**EXERCISE PROMPT:** Only the lines that hold "Single" should be in the answer, each copied from the data below.

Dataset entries
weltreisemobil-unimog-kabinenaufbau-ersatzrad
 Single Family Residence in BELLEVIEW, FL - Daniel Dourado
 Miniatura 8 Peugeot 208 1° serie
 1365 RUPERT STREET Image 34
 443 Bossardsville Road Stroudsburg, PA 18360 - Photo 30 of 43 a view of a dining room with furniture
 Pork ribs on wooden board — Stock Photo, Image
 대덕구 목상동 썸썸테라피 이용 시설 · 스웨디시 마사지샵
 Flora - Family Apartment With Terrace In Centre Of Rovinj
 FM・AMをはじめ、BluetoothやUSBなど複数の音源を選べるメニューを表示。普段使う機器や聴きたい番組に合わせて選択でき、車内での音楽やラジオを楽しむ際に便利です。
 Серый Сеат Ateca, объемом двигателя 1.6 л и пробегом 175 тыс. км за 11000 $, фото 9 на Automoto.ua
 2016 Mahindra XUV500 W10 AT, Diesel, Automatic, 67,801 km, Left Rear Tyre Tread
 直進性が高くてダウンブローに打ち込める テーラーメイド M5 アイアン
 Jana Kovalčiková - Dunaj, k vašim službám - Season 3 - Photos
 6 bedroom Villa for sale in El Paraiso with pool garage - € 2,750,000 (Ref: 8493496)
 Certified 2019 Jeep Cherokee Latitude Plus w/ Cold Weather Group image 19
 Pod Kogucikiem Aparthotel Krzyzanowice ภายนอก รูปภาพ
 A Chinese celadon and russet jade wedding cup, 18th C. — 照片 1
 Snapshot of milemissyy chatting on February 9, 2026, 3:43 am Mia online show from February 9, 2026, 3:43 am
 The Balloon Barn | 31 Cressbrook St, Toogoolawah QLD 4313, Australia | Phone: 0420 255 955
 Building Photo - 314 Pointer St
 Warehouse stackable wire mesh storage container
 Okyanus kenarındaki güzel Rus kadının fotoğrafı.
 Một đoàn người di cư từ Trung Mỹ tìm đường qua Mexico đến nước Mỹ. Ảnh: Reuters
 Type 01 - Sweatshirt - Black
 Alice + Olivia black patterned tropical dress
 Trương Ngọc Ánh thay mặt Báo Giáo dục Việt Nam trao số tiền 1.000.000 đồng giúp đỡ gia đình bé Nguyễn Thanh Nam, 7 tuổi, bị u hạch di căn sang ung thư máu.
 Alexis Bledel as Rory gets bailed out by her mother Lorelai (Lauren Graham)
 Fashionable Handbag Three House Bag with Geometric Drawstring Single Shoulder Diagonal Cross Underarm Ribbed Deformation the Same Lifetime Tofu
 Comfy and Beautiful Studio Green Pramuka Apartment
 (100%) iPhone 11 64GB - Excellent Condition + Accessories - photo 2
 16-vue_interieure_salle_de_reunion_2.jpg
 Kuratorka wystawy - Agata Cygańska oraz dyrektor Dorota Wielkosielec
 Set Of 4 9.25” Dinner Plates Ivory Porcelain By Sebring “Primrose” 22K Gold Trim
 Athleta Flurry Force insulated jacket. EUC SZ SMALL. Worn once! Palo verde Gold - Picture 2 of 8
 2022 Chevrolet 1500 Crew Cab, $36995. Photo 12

**TASK OUTPUT:**
 Single Family Residence in BELLEVIEW, FL - Daniel Dourado
 Fashionable Handbag Three House Bag with Geometric Drawstring Single Shoulder Diagonal Cross Underarm Ribbed Deformation the Same Lifetime Tofu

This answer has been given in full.